Awardees using shares include projects in each part of the UK including The Old Forge in Knoydart Scotland; Ballymacash in Lisburn Northern Ireland for a community sports facility; Tyn Llan community pub near Caernarfon in Wales who raised £458k and Fontmell Magna Village Shop in Shaftesbury England. From publicly available information, this is at least £2.2m raised through community shares so far.
The share offers also build an active following of people whose investment is tied to the business doing well. So not only does it demonstrate community support to other funders, but it also builds in long term resilience with a community of local advocates. This is borne out in the success factor of 92% of societies still trading.

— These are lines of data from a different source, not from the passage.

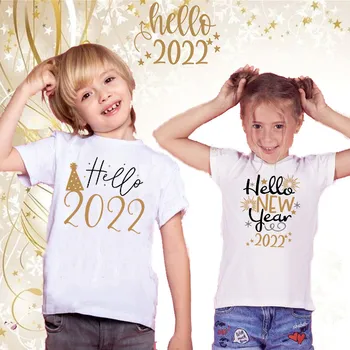 Sveiki 2022 Krekls Laimīgu Jauno Gadu Grupa T-Krekls Unisex T-Veida Topi, Zēns, Meitene Brīvdienu Izskatu Apģērbs, T Krekli Modes Bērni Tshirt Drēbes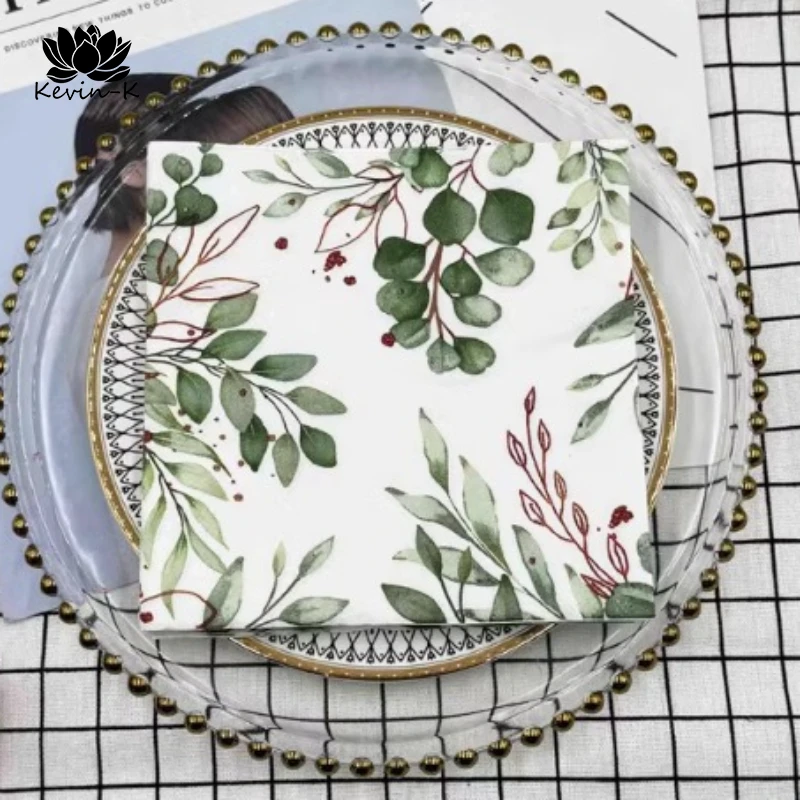 10/20pcs/Pac Printed Napkin Green Leaf Folded Paper Placemat Wedding Party Wine Glass Flower Paper DIY Butterfly Bone Bart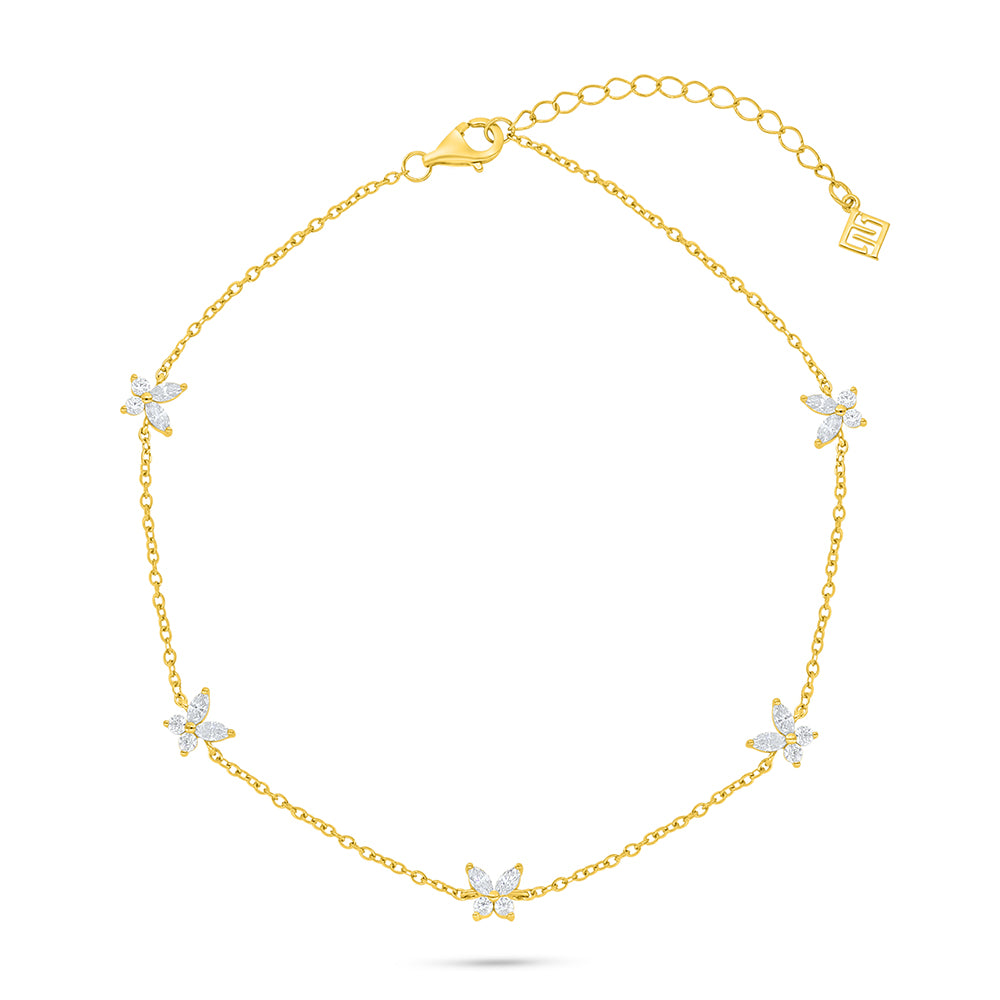 Sterling Silver 925 Anklet Golden Plated Embedded With White Zircon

While our Booster Fund will help many more to use community shares, we are currently oversubscribed for matched equity investments. There is a strong case to inject further money into boosting community share offers like we do on Booster in England.
Government and funders need to seize this opportunity. Using some of the upcoming Dormant Accounts Act money to do this would be just one way to turbo charge the community shares space, help communities to raise money investment and help the Community Ownership Fund to reach its potential.